Now let's create our two systems whose performance we want to compare.
twentyWorkers
:: Channel JobTiming
-> Deli JobTiming ()
twentyWorkers = variableWorkers 20
partitionedQueues
:: Channel JobTiming
-> Deli JobTiming ()
partitionedQueues jobChannel = do
-- We'll read work from the main queue, and then partition
-- it into either the slow or fast queue.
-- First, we create the two partitions, each with a buffer of 16.
-- Instead, we could pass in Nothing for an unbounded queue.
slowChannel <- Deli.newChannel (Just 16)
fastChannel <- Deli.newChannel (Just 16)
-- Each of our two workers will implement work stealing. The algorithm
-- is as follows. First, check if your primary queue has work, if so,
-- perform it. If not, check to see if the other queue has work, if so,
-- per form it. If not, wait until your primary queue does have work.
-- Spawn the slow workers
replicateM_ 4 $
Deli.fork $
forever $ do
mSlowJob <- Deli.readChannelNonblocking slowChannel
case mSlowJob of
Just job ->
Deli.runJob job
Nothing -> do
mFastJob <- Deli.readChannelNonblocking fastChannel
case mFastJob of
Nothing ->
Deli.readChannel slowChannel >>= Deli.runJob
Just fastJob ->
Deli.runJob fastJob
-- Spawn the fast workers
replicateM_ 16 $
Deli.fork $
forever $ do
mFastJob <- Deli.readChannelNonblocking fastChannel
case mFastJob of
Just job ->
Deli.runJob job
Nothing -> do
mSlowJob <- Deli.readChannelNonblocking slowChannel
case mSlowJob of
Nothing ->
Deli.readChannel fastChannel >>= Deli.runJob
Just slowJob ->
Deli.runJob slowJob
-- Loop forever, reading items, and putting them in the
-- appropriate queue
forever $ do
item <- Deli.readChannel jobChannel
-- If a job's duration is greater than 500 milliseconds,
-- put it into the slow queue.
-- In the real world, you'd likely have to predict the service
-- time based on the parameters of the request, and in practice,
-- that technique works remarkably well.
if _jobDuration item > 0.5
then Deli.writeChannel slowChannel item
else Deli.writeChannel fastChannel item
We've set up our two implementations, now let's generate some example requests, and compare results.
Instead of using a cycled list for our input data, we'll make things a bit more realistic, and use a poisson process for arrival times, and a pareto distribution for service times.
paretoExample :: IO ()
paretoExample = do
simulationGen <- newStdGen
inputGen <- newPureMT
-- Generate a poisson process of arrivals, with a mean of 650 arrivals
-- per second
let arrivals = Deli.Random.arrivalTimePoissonDistribution 650
-- Generate a Pareto distribution of service times, with a mean service
-- time of 3 milliseconds (0.03 seconds) (alpha is set to 1.16 inside this
-- function)
serviceTimes = Deli.Random.durationParetoDistribution 0.03
jobs = take 200000 $ Deli.Random.distributionToJobs arrivals serviceTimes inputGen
twentyWorkersRes = Deli.simulate simulationGen jobs twentyWorkers
partitionedRes = Deli.simulate simulationGen jobs partitionedQueues
putStrLn "## Pareto example ##"
putStrLn "## twentyWorkers ##"
printResults twentyWorkersRes
newline
putStrLn "## partitionedQueues ##"
printResults partitionedRes
newline
where newline = putStrLn "\n"
Interestingly enough, our more complex implementation is able to beat the simple twenty workers.
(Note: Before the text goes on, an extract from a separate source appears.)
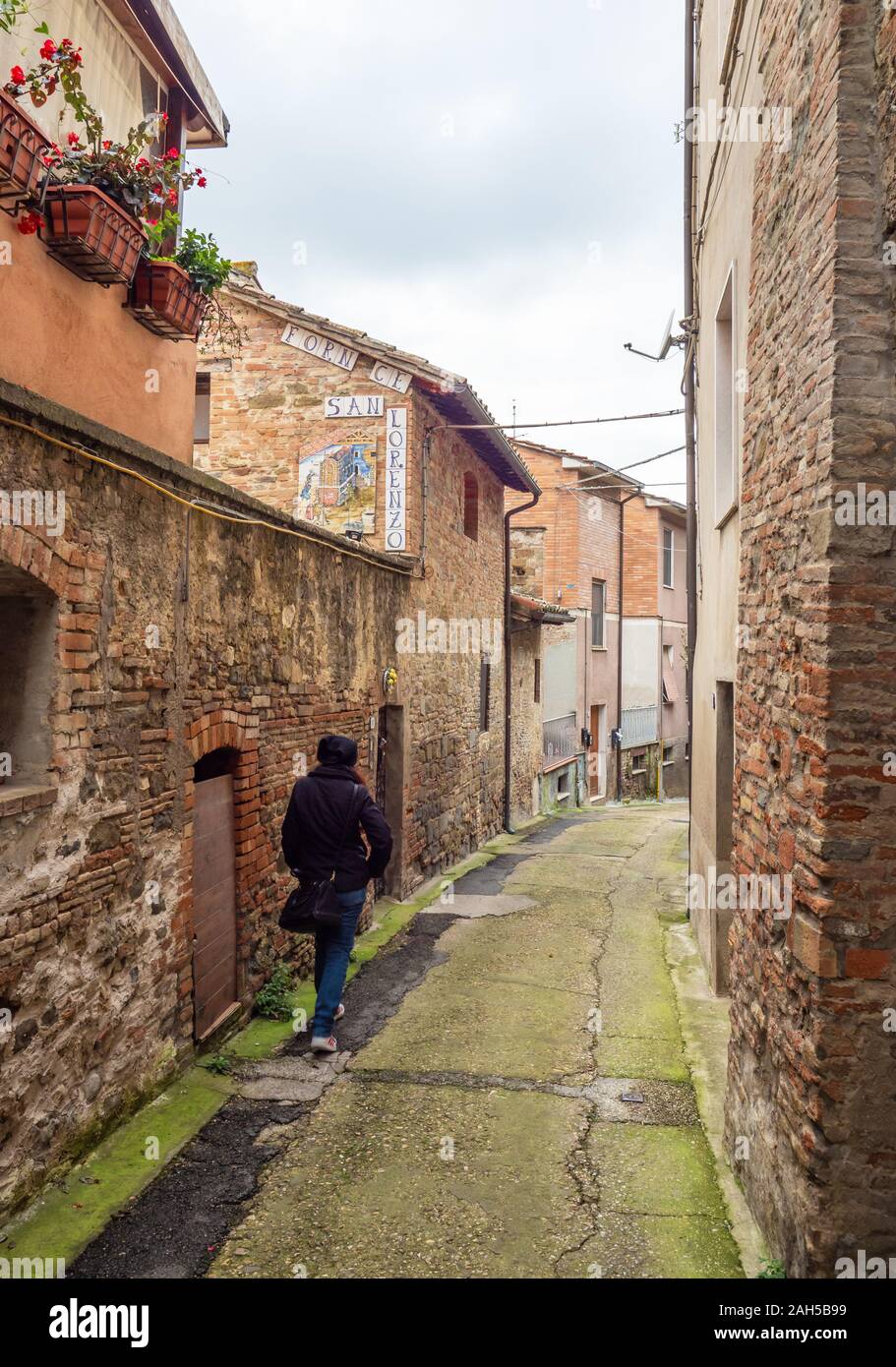 Deruta, Umbrien (Italien) - Die schönen mittelalterlichen Dorf in der Region Umbrien, mit dem berühmten Keramik Produktion Stockfoto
Intuitively, this is because with a Pareto distribution, the occasional really slow job causes head of line blocking. By separating out into a slow and fast queue (with work stealing), slow items will only block other slow items, and when there are no slow items, all workers can be utilized (via work stealing) to process fast jobs.
Note in particular how much better the work stealing algorithm does at the 95th and 99th percentile of sojourn time.
main :: IO ()
main = do
putStrLn "## singleQueueExample ##"
singleQueueExample
newline
putStrLn "## twoWorkerQueueExample ##"
twoWorkerQueueExample
newline
paretoExample
newline
where newline = putStrLn "\n"
That's currently it for this tutorial, but we'll be looking to expand it in the future.